(YOUR GOAL): Exactly the lines from the one containing "17920 NW Tillamook" through the final line of the data below, with pictures omitted, make up the answer.

---------- DATASET CONTENT ----------

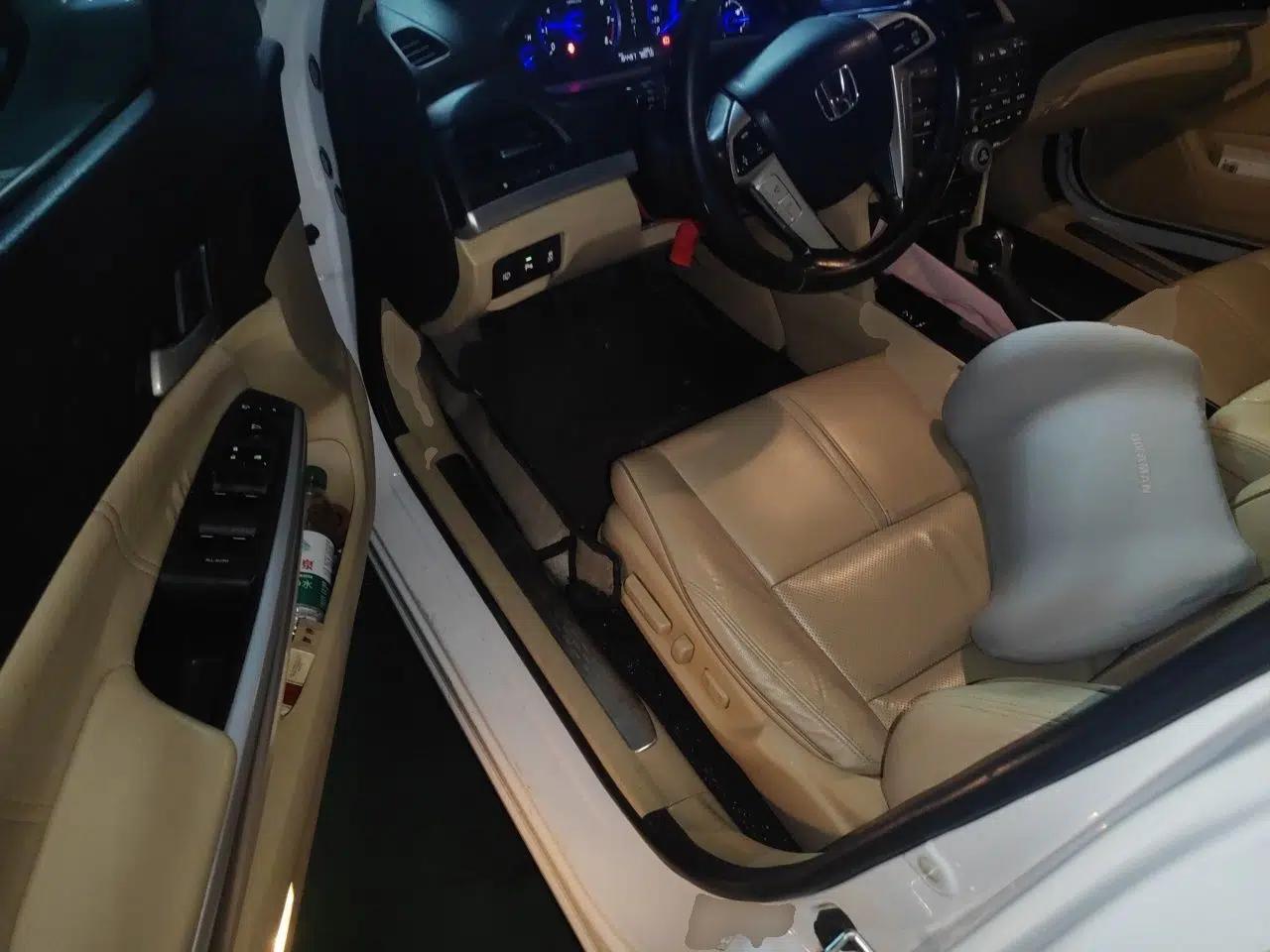Honda Crosstour 2012 2.4L Luxury Edition — миниатюра 17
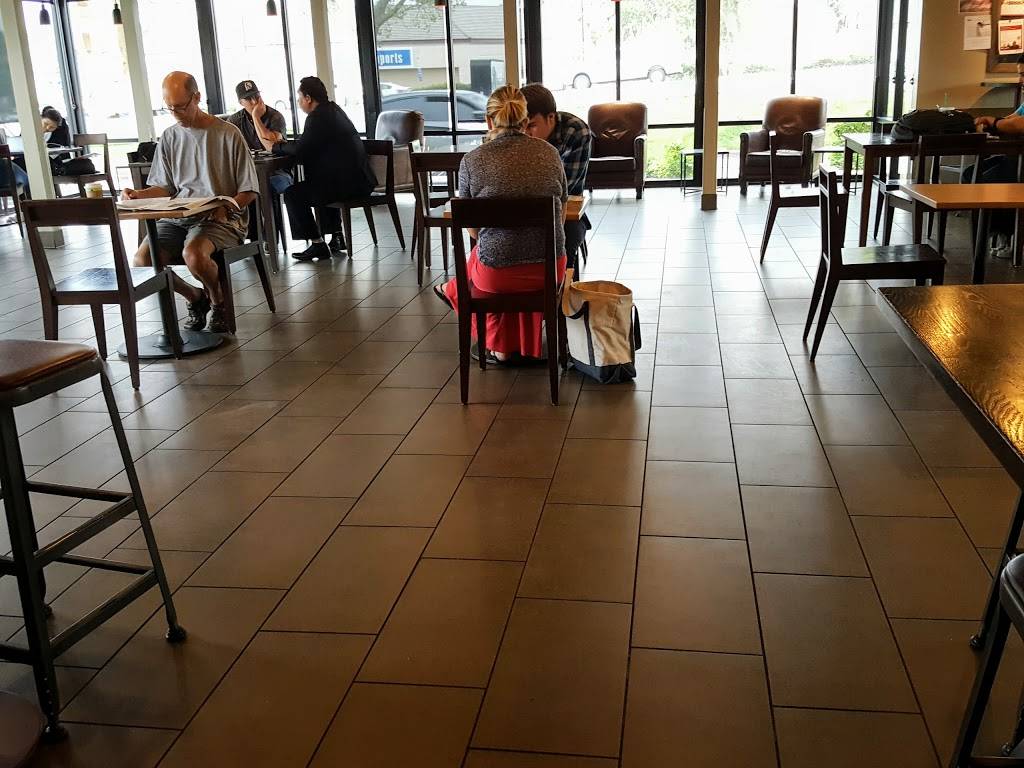 Starbucks | cafe | 41195 Winchester Rd, Temecula, CA 92591, USA | 9512969502 OR +1 951-296-9502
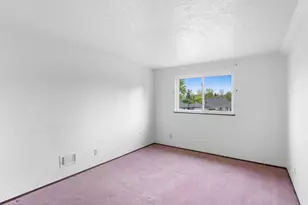 17920 NW Tillamook Dr, Portland, OR 97229 - Photo 31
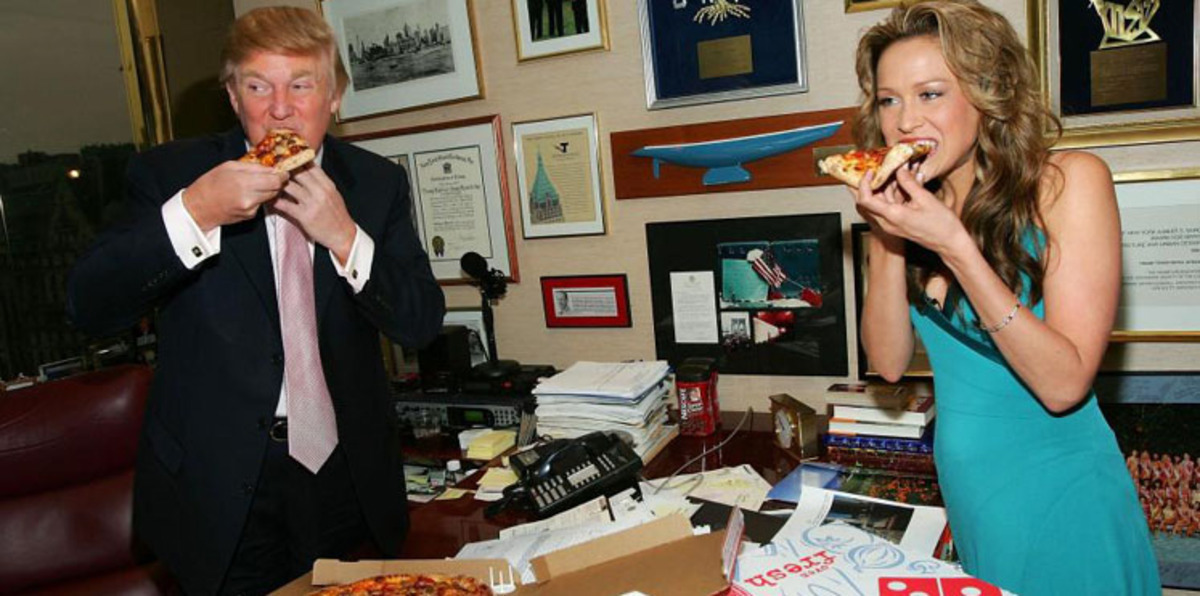 بالصور.. ما سر "هوس" الرئيس الأمريكي ترامب بالوجبات السريعة؟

----------

(TASK OUTPUT):
 17920 NW Tillamook Dr, Portland, OR 97229 - Photo 31
 بالصور.. ما سر "هوس" الرئيس الأمريكي ترامب بالوجبات السريعة؟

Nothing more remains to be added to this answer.